**What you need to do**
Please print only the top portion of the entries below, ending with the line that contains "Womens Cotton Linen", exactly as written.

**Exercise input**

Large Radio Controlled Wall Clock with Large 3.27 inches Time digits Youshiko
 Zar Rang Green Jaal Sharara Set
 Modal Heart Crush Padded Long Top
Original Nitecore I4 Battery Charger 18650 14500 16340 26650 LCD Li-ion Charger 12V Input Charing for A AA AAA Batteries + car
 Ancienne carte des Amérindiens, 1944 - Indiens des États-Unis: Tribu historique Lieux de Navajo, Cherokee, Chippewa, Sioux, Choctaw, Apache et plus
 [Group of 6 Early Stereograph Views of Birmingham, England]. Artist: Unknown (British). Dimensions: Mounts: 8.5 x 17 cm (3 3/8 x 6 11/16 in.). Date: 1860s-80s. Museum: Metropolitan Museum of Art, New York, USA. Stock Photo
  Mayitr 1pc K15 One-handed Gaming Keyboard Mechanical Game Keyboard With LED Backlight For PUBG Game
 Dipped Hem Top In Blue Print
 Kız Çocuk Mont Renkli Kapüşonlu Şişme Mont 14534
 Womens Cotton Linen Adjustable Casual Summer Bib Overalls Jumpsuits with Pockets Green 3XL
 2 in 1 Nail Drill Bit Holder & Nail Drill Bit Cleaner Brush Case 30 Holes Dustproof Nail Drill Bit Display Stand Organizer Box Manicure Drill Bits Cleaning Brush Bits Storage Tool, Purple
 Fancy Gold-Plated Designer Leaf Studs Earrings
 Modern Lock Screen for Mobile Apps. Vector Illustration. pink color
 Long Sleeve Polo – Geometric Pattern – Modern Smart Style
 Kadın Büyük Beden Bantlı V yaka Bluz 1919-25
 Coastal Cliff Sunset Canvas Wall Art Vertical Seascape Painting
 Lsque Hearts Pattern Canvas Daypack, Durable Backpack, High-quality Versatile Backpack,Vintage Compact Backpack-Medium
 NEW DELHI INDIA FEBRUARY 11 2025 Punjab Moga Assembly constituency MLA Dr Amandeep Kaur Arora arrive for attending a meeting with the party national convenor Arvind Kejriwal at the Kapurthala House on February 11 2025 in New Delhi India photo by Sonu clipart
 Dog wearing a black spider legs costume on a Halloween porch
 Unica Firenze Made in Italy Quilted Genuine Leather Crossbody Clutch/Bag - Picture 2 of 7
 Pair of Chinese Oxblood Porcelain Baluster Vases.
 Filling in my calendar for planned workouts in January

**Answer for the task**
Large Radio Controlled Wall Clock with Large 3.27 inches Time digits Youshiko
 Zar Rang Green Jaal Sharara Set
 Modal Heart Crush Padded Long Top
Original Nitecore I4 Battery Charger 18650 14500 16340 26650 LCD Li-ion Charger 12V Input Charing for A AA AAA Batteries + car
 Ancienne carte des Amérindiens, 1944 - Indiens des États-Unis: Tribu historique Lieux de Navajo, Cherokee, Chippewa, Sioux, Choctaw, Apache et plus
 [Group of 6 Early Stereograph Views of Birmingham, England]. Artist: Unknown (British). Dimensions: Mounts: 8.5 x 17 cm (3 3/8 x 6 11/16 in.). Date: 1860s-80s. Museum: Metropolitan Museum of Art, New York, USA. Stock Photo
  Mayitr 1pc K15 One-handed Gaming Keyboard Mechanical Game Keyboard With LED Backlight For PUBG Game
 Dipped Hem Top In Blue Print
 Kız Çocuk Mont Renkli Kapüşonlu Şişme Mont 14534
 Womens Cotton Linen Adjustable Casual Summer Bib Overalls Jumpsuits with Pockets Green 3XL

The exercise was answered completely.